Short review: there is some refreshing big-picture political thinking here, but the book ultimately presents a series of very thin policy sketches. It feels like an especially long and wide-ranging Vox article and left me wanting quite a bit more rigor.

This book is premised on one basic fact and one resulting argument: the United States is far less densely populated than almost every other advanced economy in the world, and it would be in a lot of peoples’ best interests (both prospective immigrants and existing U.S. citizens alike) to adopt a national policy of vastly scaling up the national population.

Some of the discussion around this gets quite interesting. For example, Yglesias takes us on a tour of the DOZENS of large U.S. cities that are a) far below their historical peak in population, and b) struggling to maintain city budgets and keep the doors of local institutions open as a result. Taking St. Louis as an example, the city’s built infrastructure reflects its historical population peak in 1950 of almost a million people (about 860,000) living within the city limits. Today, only about 280,000 residents remain. Some of these cities are the familiar suspects (Detroit, St. Louis), but Yglesias provides a good reminder that there are TONS of less-reported-on, mid-sized cities experiencing the same scale of population decline (Buffalo, Gary, Syracuse, Akron, you name it).
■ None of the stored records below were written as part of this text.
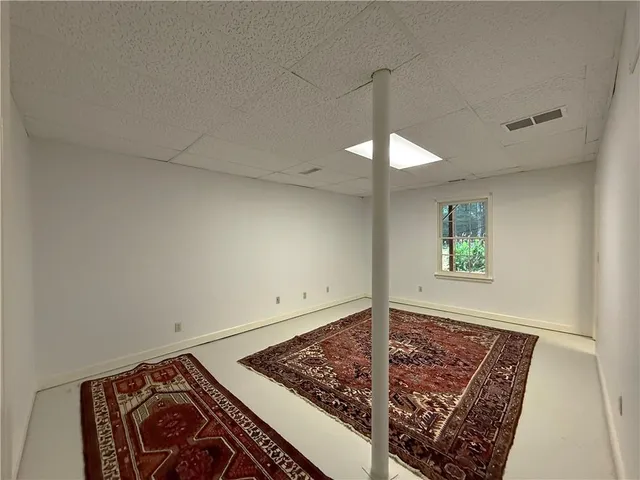 a view of an chairs and table in backyard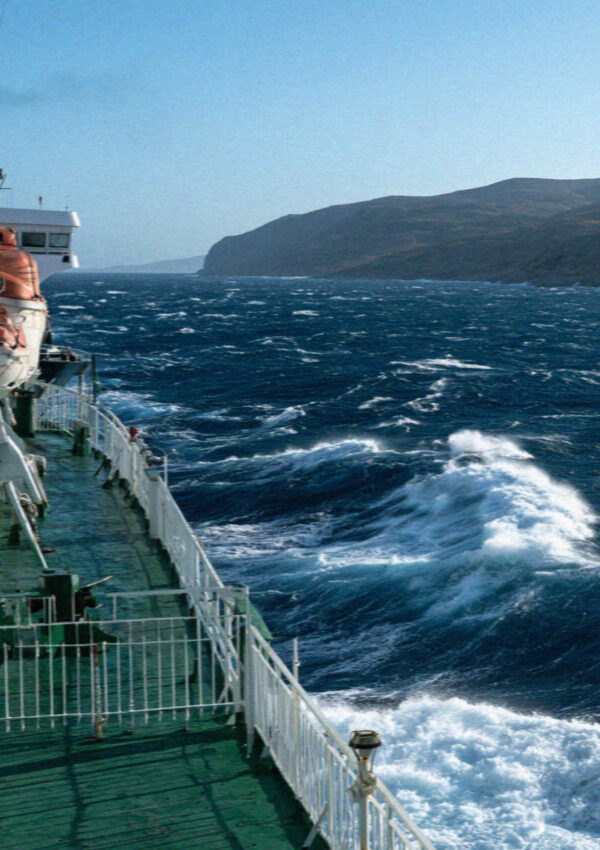 The deck railing and lifeboats of a ferry crossing a choppy Aegean sea towards Mykonos
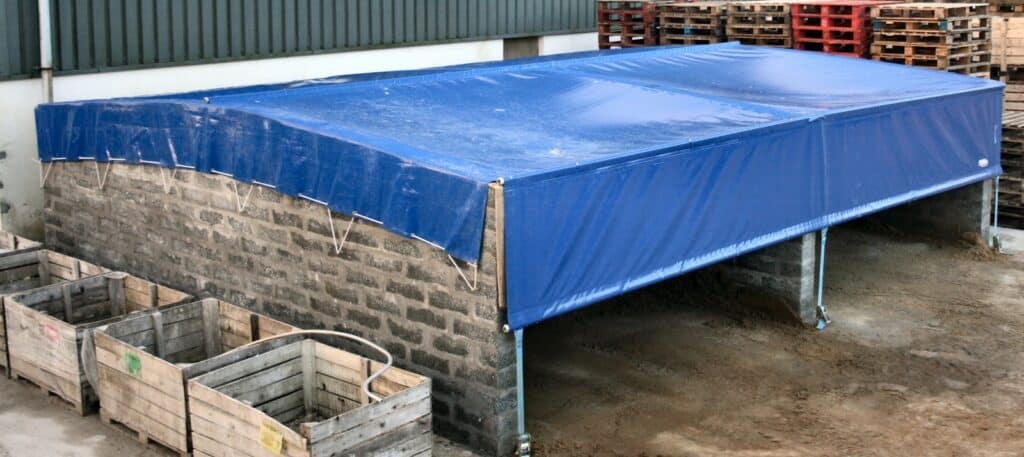 Retractable Aggregate Bay Cover in Blue PVC
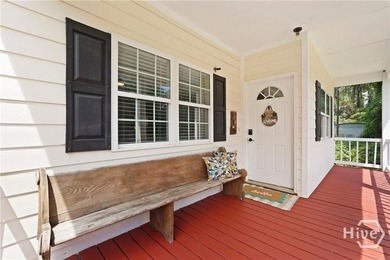 Nestled on nearly half an acre just moments from the heart of - photo 3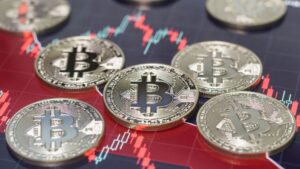 Monedas físicas de bitcoin sobre gráfico bursátil rojo de tendencia bajista.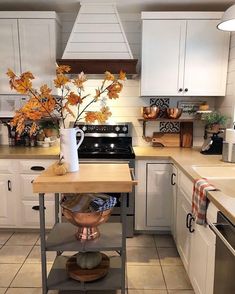 a kitchen with white cabinets and an island in the middle, filled with fall leaves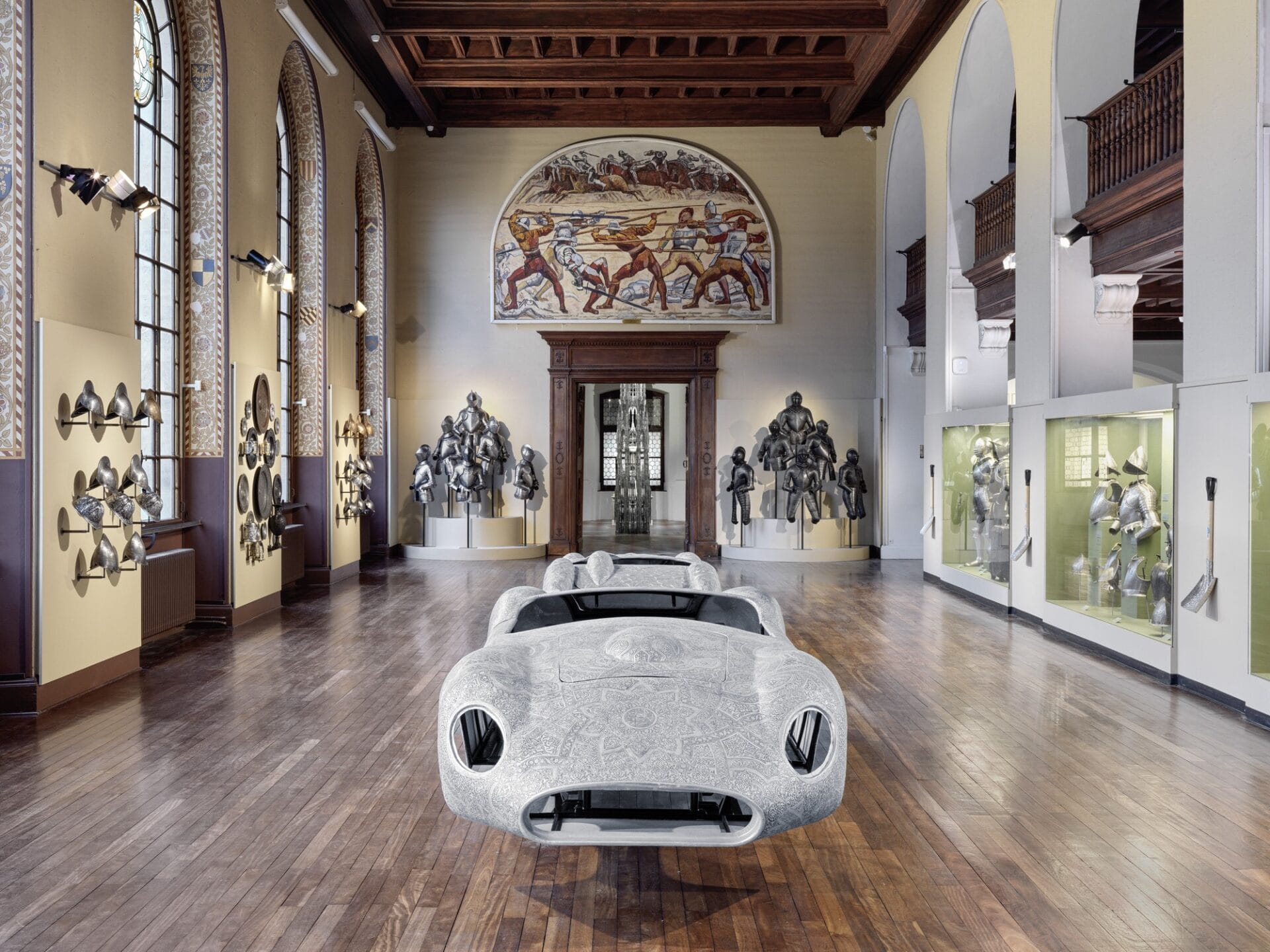 an installation view in a museum showing a sculpture of a shell of a sports car surrounded by walls of armor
What would it look like to adopt a coordinated national policy of repopulating and densifying these cities? What tools would be available for such a project?

Two of the tools that were most interesting to me were city-specific immigration work visas & government incentives for industry clustering. On the former, Yglesias muses about creating a new type of work visa for highly-skilled immigrants that is city-specific and fast-tracks legal permanent residency. Like, what if there was a fast-track visa program that invited highly skilled engineers to come to the United States on the condition that they spend at least five years working in Detroit? What opportunities would that create for those immigrants, for the city, for the community, for the local economy? It’s an interesting question that I am not qualified to answer, but I would be curious to read more after first introduction to the concept. The second idea basically imagines the federal government taking anti-trust-like actions to break up the high concentration of opportunity in a few massive coastal cities so that it can be more easily distributed across the country. For example, what actions could the federal government take such that the tech industry would become more multi-polar than JUST Silicon Valley? With the right interventions and incentives, why couldn’t Lincoln, or Albuquerque, or Birmingham share in that wealth?

It’s a bit frustrating that Yglesias introduces interesting ideas like these and then leaves them only partially assembled. But in a contemporary political landscape with such constrained imagination, it’s still refreshing to read about big, hopeful ideas. One final complaint I would lodge is that Yglesias does a bunch of needless flag waving at the beginning of the book about why “America is Number 1” and must always remain that way, how U.S. population growth would help to contain China or whatever. The book really didn’t need that. I was relieved that it was quickly over so that I could move onto to the ideas that actually interested me in the book.

In sum at the end of a long review: it was refreshing to read about a big-picture, pro-immigrant, forward-thinking vision for American politics, even if the end result was at times a bit under-baked.